Friday, July 7, 2023

Local History Forgotten? How does this happen?

The east side of Lincoln Ave. looking north toward Chester Pike at 5th Ave. about 1920.
 


Note: I have been doing local history for 50 plus years now and it still amazes me what has been lost and forgotten. Sometimes minor things and other times big things. With local history a lot of the forgotten is just bad memory and then it amazes me what some people remember. The following story was a big shock to me.

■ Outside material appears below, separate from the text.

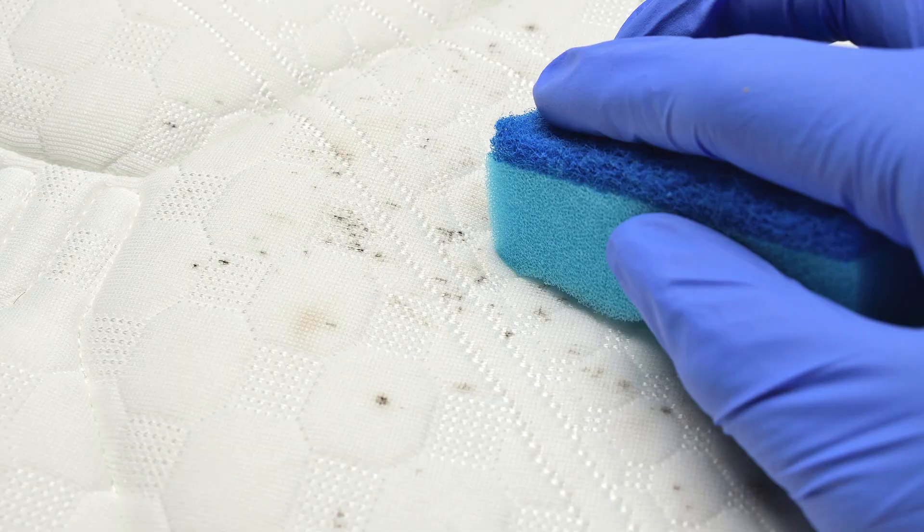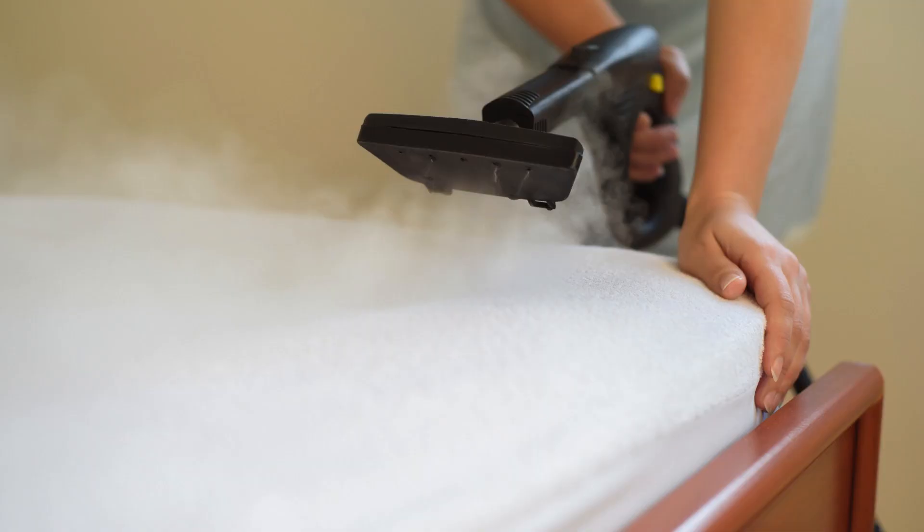Gently blot the stained area with a clean cloth until the stain is lifted. For a deeper clean, consider using a steam cleaner to disinfect and sanitize your mattress. This will help eliminate any lingering odors and bacteria.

Bob Robinson was every historians dream. He had lived in the same town, Prospect Park, his entire life and he remembered everything!! He never made up stories or exaggerated and he was always correct well for one time anyway. I was interviewing Bob for the little booklet I did on Prospect Park in the early 1980's. He asked me if he had ever told me about the Prospect Park Police Officer who was killed about 1920. Bob said his last name began with a "C" and he was killed directing traffic. I told Bob he had his years mixed up. He was thinking about Officer Horace Callahan who was killed in 1940 by a drunk driver while directing traffic in Ridley Park around a 3 car accident. Bob said no this was another officer. I was surprised to have another officer with the last name of "C' and to die the same way seemed impossible. But Bob had always been right so I checked. The police department and Prospect Park Boro both confirmed that Officer Callahan was the only one to die in the line of duty. Bob said this other officer had died when he was about 30 years old about 1920 and I asked about 10 Prospect Park residents who would have been in their late teens or early 20's when this officer died. They all confirmed no police officer had died. So Bob was wrong after all.

Or was he? In the early 1990's I began working on a booklet for Prospect Park's centennial. Bob Robinson was died by this time but I had all my notes from our talks. I still remembered the Officer "C" story and his death. One day I was talking to a friend of mines grandfather who had been born and raised in Prospect Park. He shocked me when he mentioned a Prospect Park Police Officer who had been killed at Chester Pike and Lincoln Ave. while directing traffic. And yes his last name began with a "C". He had been a young boy at the time but remembered it well.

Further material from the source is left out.